I don't. It was an exciting time. Even then, I was the social work geek with the transplanted heart of a computer science nerd. I was beside myself with joy when the university granted me a unix shell account and dial-in access ("Please explain in detail: Why do you need this?"), then worked diligently at home to configure Trumpet Winsock to provide a TCP/IP interface for my copy of Windows 3.1.
While I was pleased to watch how the web grew in beauty and sophistication over the passing years, I never felt the need to attach a version number to it.
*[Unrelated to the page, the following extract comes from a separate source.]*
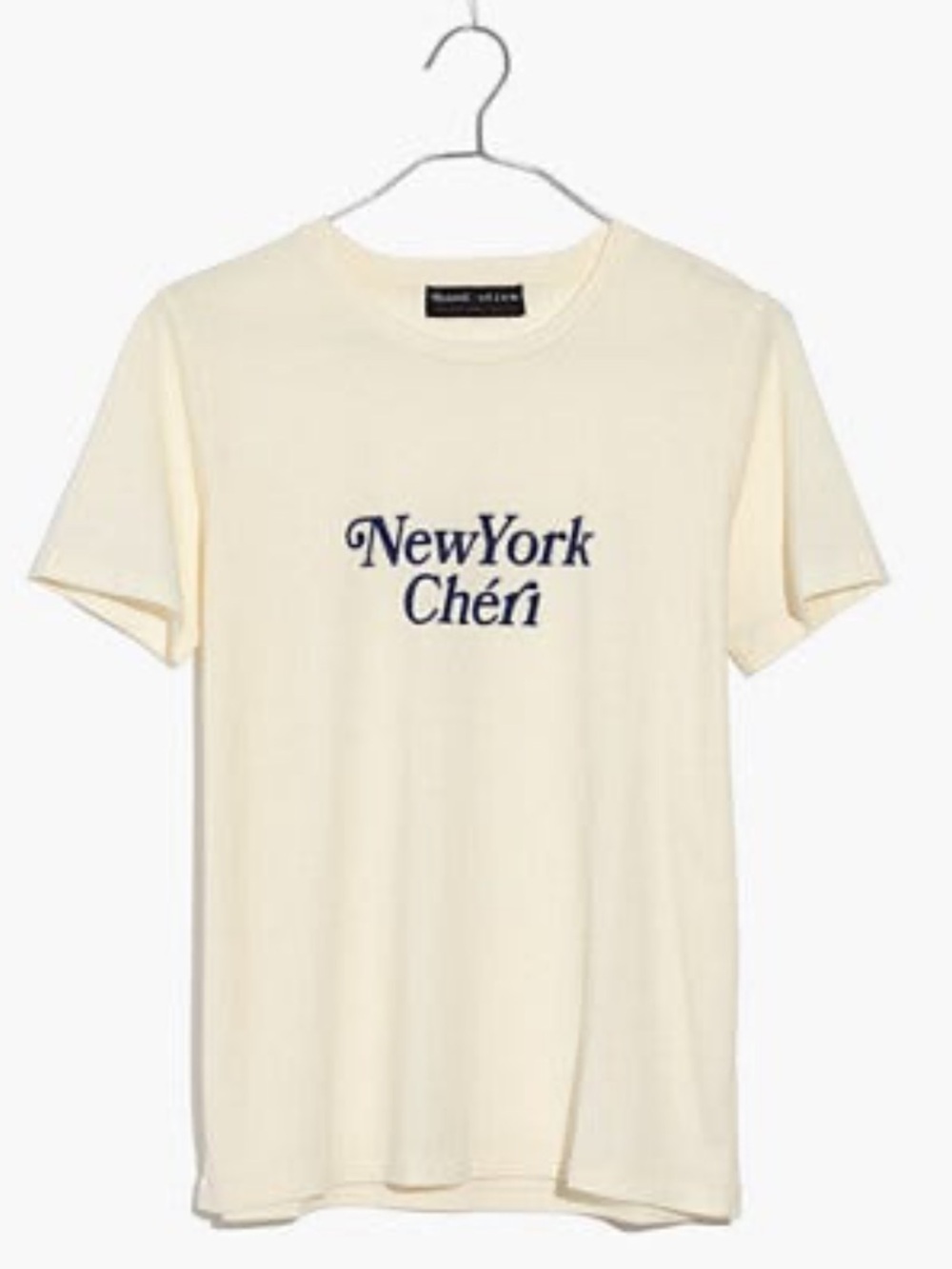 Madewell Cream Short-Sleeve Tee with Navy "NewYork Chéri" Logo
HTML version numbers rose, Navigator extensions proliferated, Internet Explorer 1.0 arrived on my desktop to much derisive laughter before being joyfully deleted (it was truly inferior at that stage). The web changed from a monochromatic newspaper to a semi-interactive meeting place, to what it is today -- a more fully interactive social networking and collaboration environment that much of our daily activities now occur on. It's education and entertainment, communication and commerce. LifeOS. With the proliferation of web-based applications, the operating system you run at home and at work has become less and less important (and as a Linux user, I appreciate this perhaps more than most).
Still, there's been no version number as I perceive it. No staggering, lumbering steps of laboured movement, counted with a pedometer. No exhausted, fitful rests next to a planted flag, after passing out on successively higher plateaus during the vertical climbing expedition.
Feel free to disagree vehemently, bolstering your opinion with a carefully labelled progress vs. time graph. :-) But I'm not trying to tell you you're wrong; only that I perceive things differently. For me, the development of the world wide web has felt organic -- a continuum of progression; with increasing complexity and functionality over a long span. Old growth like Archie, WAIS and Gopher have now been long ago supplanted by Google, but I still remember how searching used to be. Often, what is widely perceived to be revolutionary is usually just evolutionary, but without the benefit of historical perspective.
So I'll talk with you about Web2.0, just so that we have a common term of reference that points to a particular range on the evolutionary timeline. But it's still just "the web" to me.